Investigators found that in the aftermath of the
botched missions, top DEA officials consistently lied to the Department of
Justice (DOJ), the DEA’s umbrella agency, and federal lawmakers. The
probe also determined that DEA agents acted in a command role during the
missions rather their authorized role as advisors, failed to cooperate with
Diplomatic Security’s efforts to investigate, blocked Honduran
investigators from questioning agents or examining their weapons and failed
to report a host nation counterpart’s planting of a gun at the scene.
Then, when the DEA supposedly conducted an internal investigation of the
shootings, the facts were covered up. This is referred to as a “paper
exercise” in the IG’s lengthy report. “…DEA inspectors did not meet
their responsibility of ensuring a thorough, factual, and objective
investigation of a very sensitive shooting incident,” the watchdog report
states.
In the May 11 incident in Ahuas, Honduras four people
were killed—including two pregnant women—and four others were injured.
U.S. and Honduran law enforcement officers aboard a canoe-like boat loaded
with seized cocaine opened fire on a nearby passenger boat, the report
says. A DEA agent also ordered a Honduran law enforcement helicopter to
fire on the passenger boat, killing four people and injuring four others.

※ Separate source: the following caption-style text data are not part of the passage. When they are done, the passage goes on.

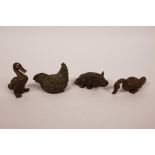 Four Chinese bronzed metal animals including two ducks, a chicken and a boar, largest 2"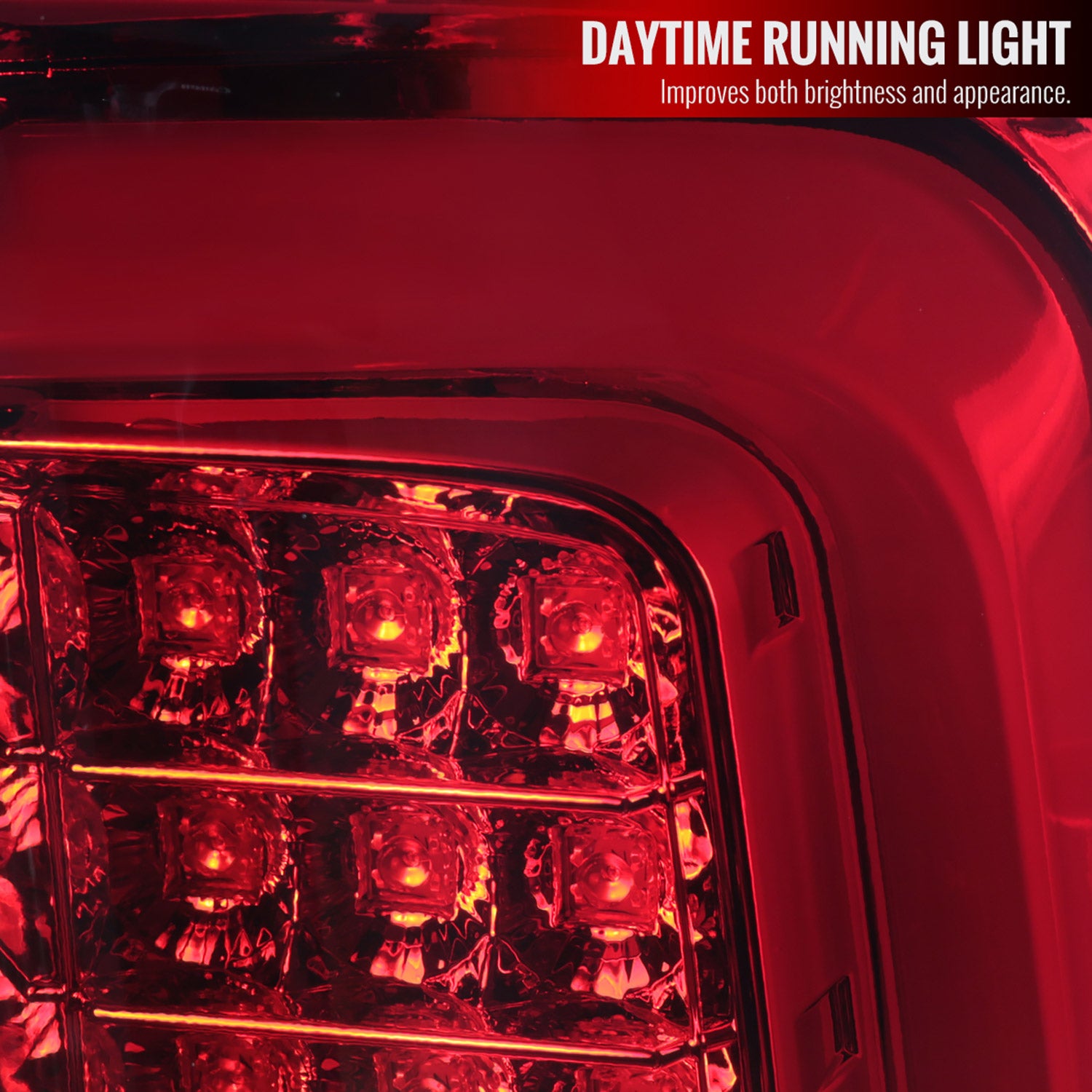 2014-2018 GMC Sierra 1500/2500HD/3500HD LED Tail Lights Chrome/Red Lens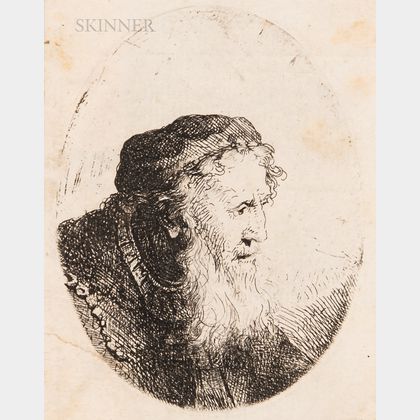 Ferdinand Bol (Dutch, 1616-1680) Bearded Old Man, Profile to Right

The DEA claimed passengers on the boat fired at authorities, though there
was never any evidence of it. “Even as information became available to
DEA that conflicted with its initial reporting, including that the
passenger boat may have been a water taxi carrying passengers on an
overnight trip, DEA officials remained steadfast – with little credible
corroborating evidence – that any individuals shot by the Hondurans were
drug traffickers who were attempting to retrieve the cocaine from the
pipante,” the report states.
In a June 23 operation in Brus
Laguna, Honduras a DEA agent killed a man lying face down. Law enforcement
officers were searching for drug suspects that had already fled the area,
the IG writes. DEA officials lied about the event, reporting that the
shooting involved an armed suspect who ignored orders to drop his weapon
during a search for drug traffickers. In a separate incident on July 3, DEA
agents fired multiple shots at a pilot who ignored their commands by
reentering a plane that had crash landed near Catacamas, Honduras.

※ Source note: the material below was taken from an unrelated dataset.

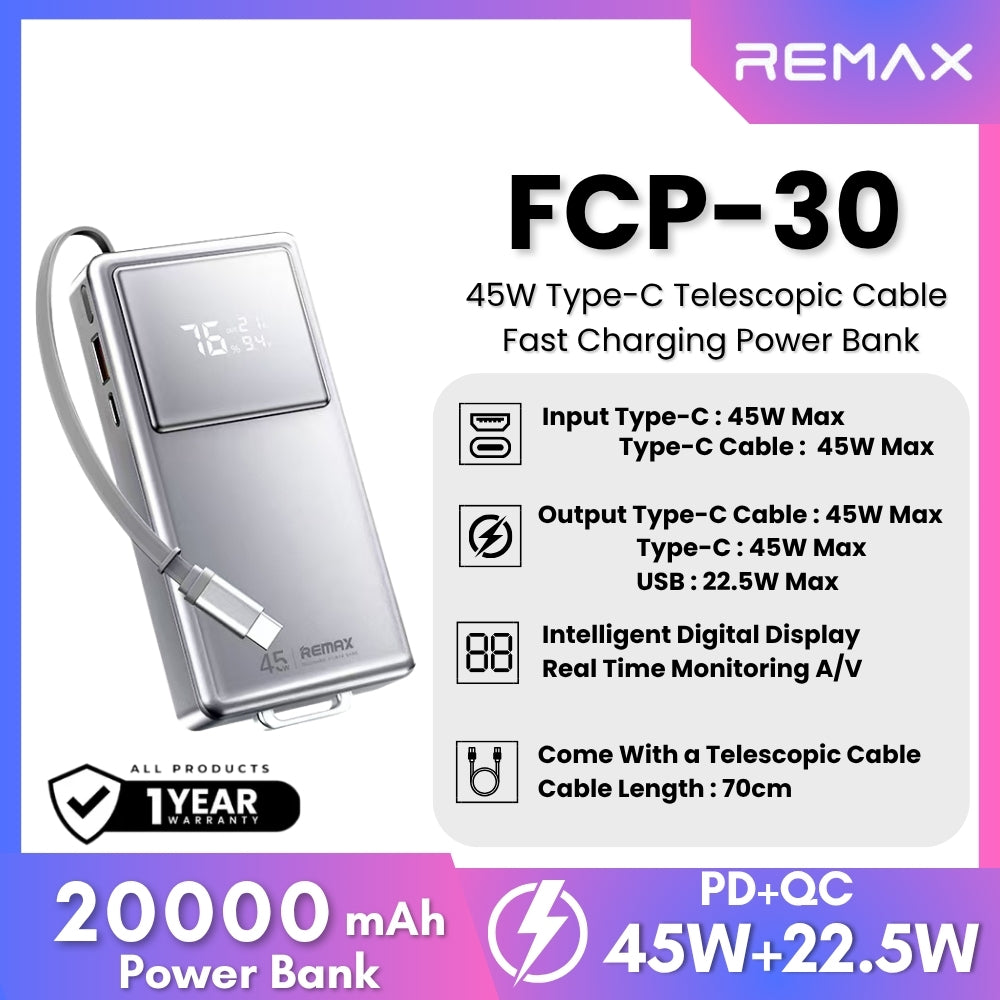 REMAX - FCP-30 20000mAh Type-C Scalable Cable Fast Charging Cabled Power Bank ( PD45W ) - Silver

Investigators from the IG’s office determined that a handgun was planted
at the scene by a Honduran police officer to justify killing the pilot and
U.S. officials went along with it. The gun planting was discovered because
the first agency report involving the July plane incident made no mention
of the use of deadly force, even though a man had been shot at the
scene.
With about 5,000 special agents, the DEA is tasked with
combating the illegal drug trade and leading the nation’s failed,
multi-billion-dollar war on drugs. Instead the agency is best known for its
embroilment in a multitude of scandals, including losing weapons and
engaging in sex parties with prostitutes provided by drug cartels. For
years agents participated in wild sex parties with hookers paid for by
local drug cartels in foreign countries, according to a
federal
audit that reveals the parties were held in locations leased by
the U.S. government where sensitive equipment such as agents’ laptops and
electronic devices were laying around. Adding insult to injury, half of the
federal agent investigated for partying with prostitutes got financial
bonuses from the DEA, according to a
federal
audit published months after the hooker scandal broke. Prior to
that the DEA made headlines for losing weapons and agency laptops
containing sensitive files.
Last year Judicial Watch
reported that
the DEA paid a fellow government employee nearly a million dollars to
provide information that was available for free. The transgression involves
the use of a paid Confidential Source (CS) working in the nation’s
passenger train system, known as Amtrak. As part of a joint task force that
works to interdict passengers trafficking contraband on trains the DEA and
the Amtrak Police Department (APD) share information and intelligence in
the course of their duties. A federal probe discovered that the DEA paid an
Amtrak employee an alarming $854,460 for information that was already
available at no cost to the government, violating federal regulations
relating to the use of government property.